Macroscale connectomics has furthered our understanding of various brain networks including visual, brainstem, and language networks, among others.
= Microscale Connectomics
=On the other hand, microscale connectomes focus on resolving individual cell-to-cell connectivity within much smaller volumes of nervous system tissue. These datasets are commonly collected using electron microscopy (EM) and offer single synapse resolution. The first microscale connectome encompassing an entire nervous system was produced for the nematode C. elegans in 1986. This was done by manually annotating printouts of the EM scans. Advances in EM acquisition, image alignment and segmentation, and manipulation of large datasets have since allowed for larger volumes to be imaged and segmented more easily. EM has been used to produce connectomes from a variety of nervous system samples, including publicly available datasets that encompass the entire brain and ventral nerve cord of adult Drosophila melanogaster, the full central nervous system (connected brain and ventral nerve cord) of larval Drosophila melanogaster, and volumes from mouse and human cortex. The National Institutes of Health (NIH) has now invested in creating an EM connectome of an entire mouse brain.

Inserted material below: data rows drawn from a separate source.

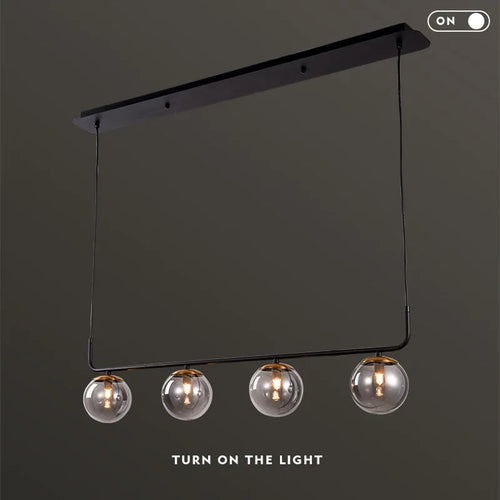 lustre moderne design nordique suspendu pour intérieur élégant - vue 2 sur 7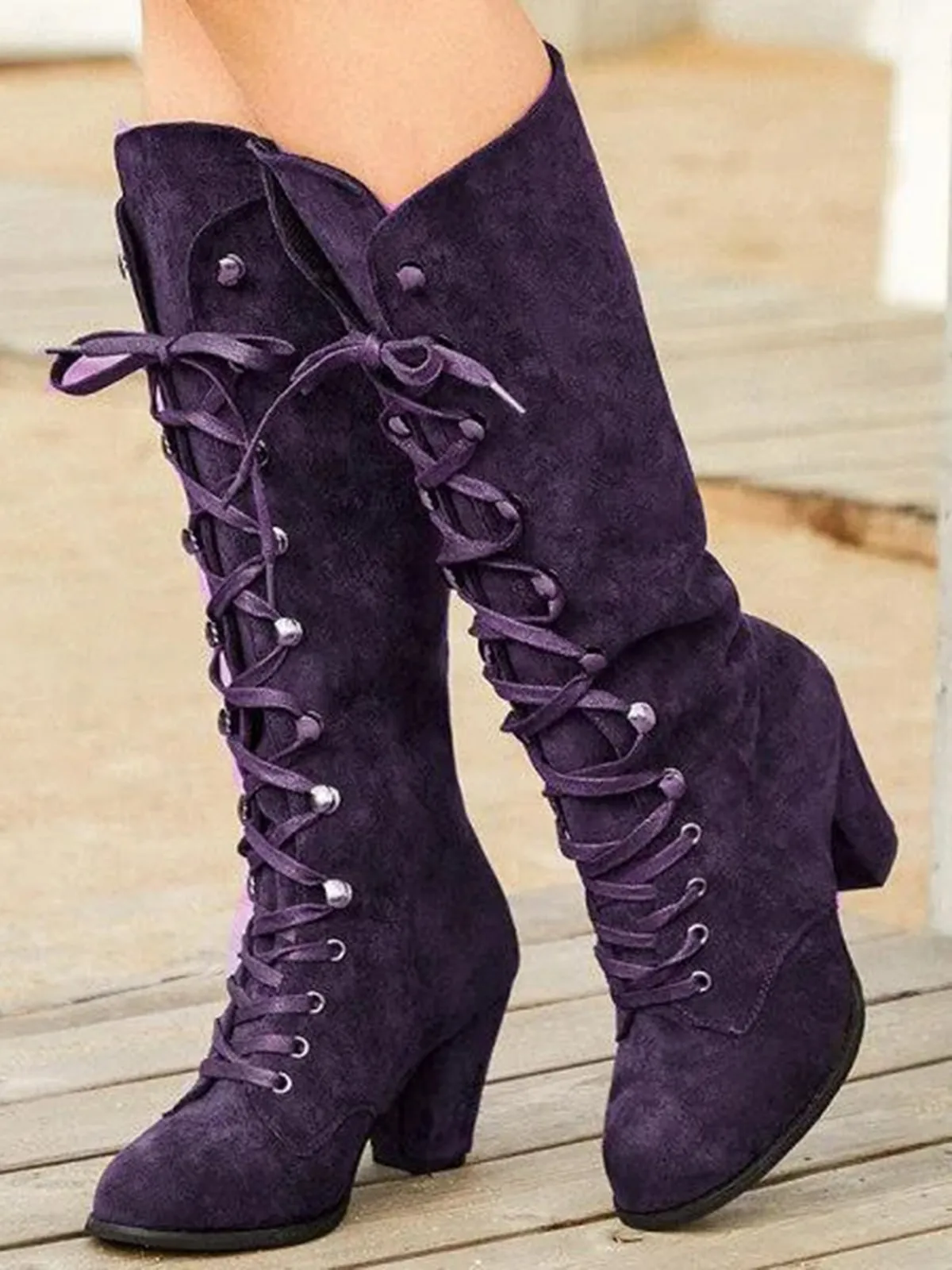 Purpdrank - Simple Suede Martin Combat Boots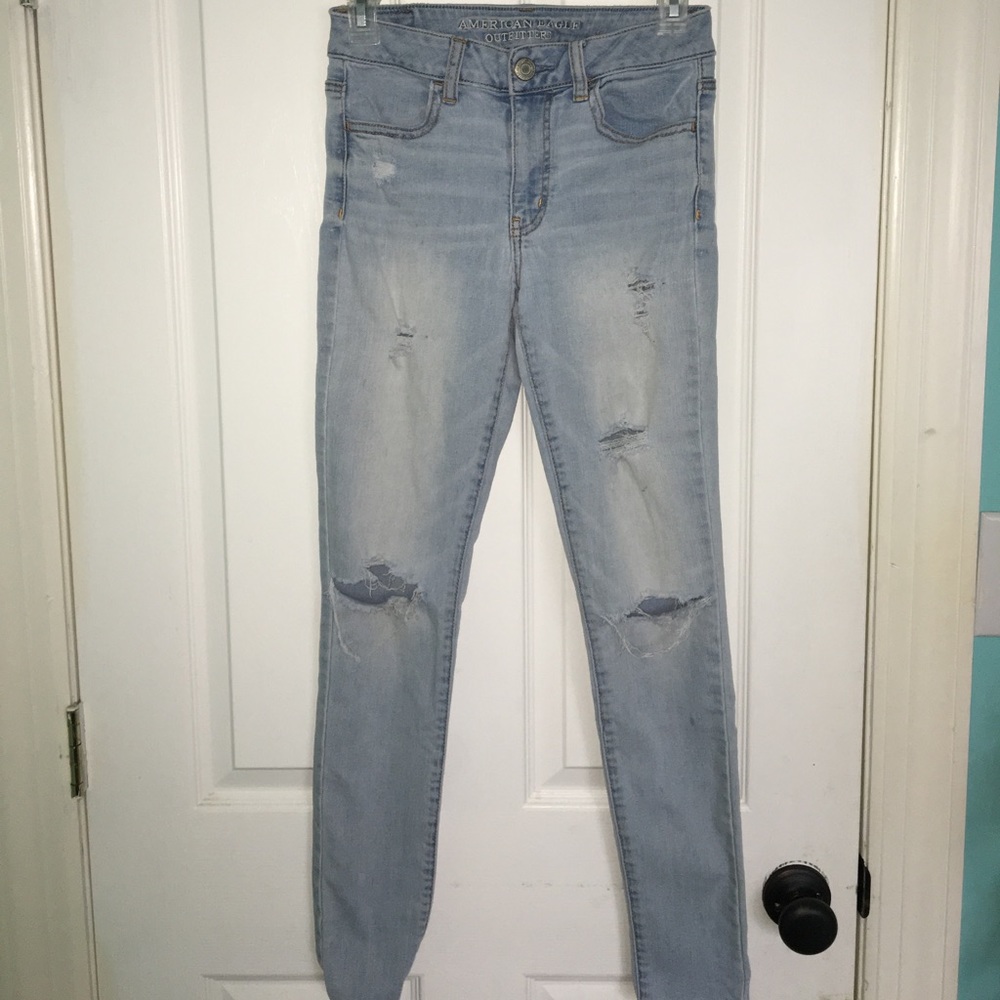 AEO Hi-rise Super Stretch Jeggings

Electron microscopy is the imaging technique that provides the highest spatial resolution, which is crucial for being able to recover presynaptic and postsynaptic sites as well as fine morphological details. However, other imaging modalities are approaching the nanometer-scale resolution necessary for microscale connectomics. X-ray nanotomography using a synchrotron source can now reach <100 nm resolution, and can theoretically continue to improve. Unlike EM, this technique does not require the tissue being imaged to be stained with heavy metals or to be physically sectioned. Conventional light microscopy is constrained by light diffraction. Researchers have recently used stimulated emission depletion (STED) microscopy, a super-resolution light microscopy technique, to image the extracellular space of a sample from mouse hippocampus, allowing for reconstruction of all neurites within this volume. They then re-imaged the same tissue for fluorescently-tagged synaptic markers to find synaptic connectivity in the sample. However, this approach was limited to ~130 nm resolution, and was therefore not able resolve thin axons.
Tools
One of the main tools used for connectomics research at the macroscale level is MRI. When used together, a resting-state fMRI and a dMRI dataset provide a comprehensive view of how regions of the brain are structurally connected, and how closely they are communicating.
The main tool for connectomics research at the microscale level is chemical brain preservation followed by 3D electron microscopy, used for neural circuit reconstruction. Correlative microscopy, which combines fluorescence with 3D electron microscopy, results in more interpretable data as is it able to automatically detect specific neuron types and can trace them in their entirety using fluorescent markers.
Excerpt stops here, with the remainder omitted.